Reavisv.La. "workers"

CIVIL ACTION NUMBER: 16-1692 SECTION: "F"(5) (E.D. La. Jun. 8, 2016)





This 42 U.S.C. §1983 proceeding was filed in forma pauperis ("IFP") by pro se Plaintiff, Wayne Michael Reavis, Jr., against Defendants, the State of Louisiana and the Sheriff of St. Tammany Parish.

Although Plaintiff inserts the word "workers" between the two Defendants in the caption of his complaint, no such term appears on page four of his principal pleading where Plaintiff was instructed to identify all Defendants separately. (Rec. doc. 7, pp. 3-4). The Court thus reads Plaintiff's complaint as one brought against the State and the Sheriff only.

Plaintiff is an inmate of the Louisiana Mental Health System in Jackson, Louisiana. (Rec. doc. 1, p. 3). As his statement of claim herein, Plaintiff alleges as follows:

I Michael Wayne Reavis Jr. am in the N.C.I.C. computer since 11-18-03 under my father['s] name Wayne Michael Reavis with my SS# DOB #

Arrest date 11-15-08 district officer used wrong SSN ***-***- 6390 and pro[se]cuted me with it.

(Rec. doc. 7, p. 4).

Plaintiff seeks the expungement of the records relating to his convictions and arrests and makes other rather indecipherable claims for relief. (Rec. doc. 7, p. 5).

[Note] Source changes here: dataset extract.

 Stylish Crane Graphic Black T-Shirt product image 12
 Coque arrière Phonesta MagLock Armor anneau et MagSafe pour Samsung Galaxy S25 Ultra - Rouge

Initially, the Court is required to examine Plaintiff's complaint to determine whether the allegations presented therein, if proven, would undermine the constitutional validity of his state-court conviction or confinement. When a state prisoner attacks the fact or length of his confinement, the appropriate vehicle for that attack is a petition for writ of habeas corpus, even though the facts of the complaint might otherwise be sufficient to state a claim under §1983. Caldwell v. Line, 676 F.2d 494 (5th Cir. 1982); Richardson v. Fleming, 651 F.2d 366 (5th Cir. 1981); Johnson v. Hardy, 601 F.2d 172 (5th Cir. 1979). Where the exclusive initial remedy is for habeas corpus relief, exhaustion of state court remedies is required, a requirement that applies to both pre-trial and post-conviction habeas proceedings. Rose v. Lundy, 455 U.S. 509, 102 S.Ct. 1198 (1982); Preiser v. Rodriguez, 411 U.S. 475, 93 S.Ct. 1827 (1973); Dickerson v. State of Louisiana, 816 F.2d 220, 225 (5th Cir.) cert. denied, 484 U.S. 956, 108 S.Ct. 352 (1987). The exhaustion requirement is satisfied only where a prisoner's grounds for federal habeas corpus relief were previously presented to the state's highest court in a procedurally proper fashion. Knox v. Butler, 884 F.2d 849, 852 n. 7 (5th Cir. 1989), cert. denied, 494 U.S. 1088, 110 S.Ct. 1828 (1990); Dupuy v. Butler, 827 F.2d 699, 702 (5th Cir. 1988).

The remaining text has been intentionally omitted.